__Dataset section__.
______
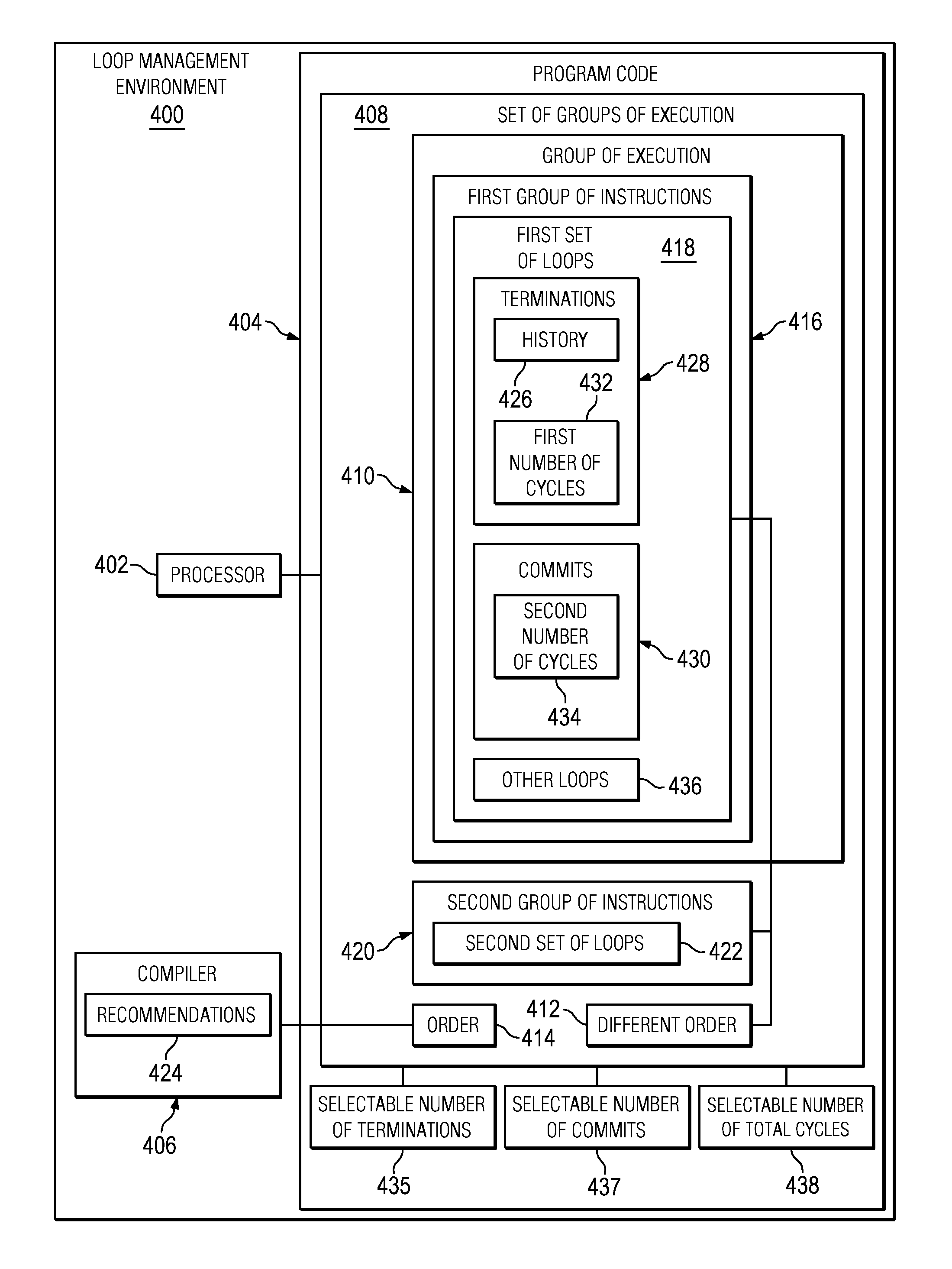 Parallel loop management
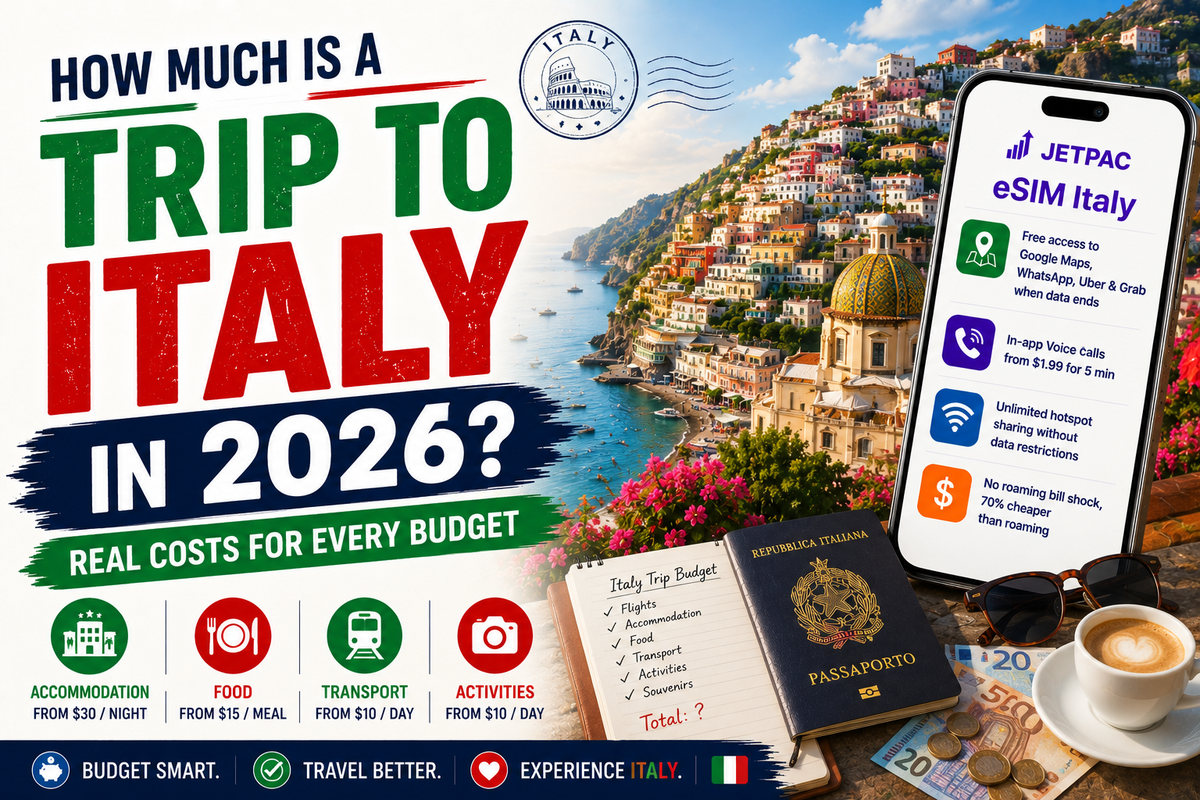 How Much is a Trip to Italy in 2026? Real Costs for Every Budget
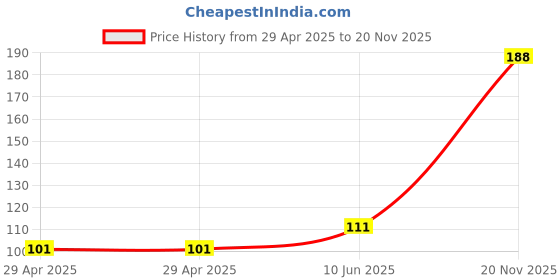 industrybuying.com MULTICOMP PRO RCA Adapters RCA ADAPTER, PHONO PLUG-PHONO RCPT, PS000100 multicomp pro Price History Graph from 29 Apr 2025 to 20 Nov 2025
______
__What the exercise asks__. Please write out the lines above exactly, from the one that contains "How Much is" through the final line, and include none of the pictures.

__Answer to this problem__.
 How Much is a Trip to Italy in 2026? Real Costs for Every Budget
 industrybuying.com MULTICOMP PRO RCA Adapters RCA ADAPTER, PHONO PLUG-PHONO RCPT, PS000100 multicomp pro Price History Graph from 29 Apr 2025 to 20 Nov 2025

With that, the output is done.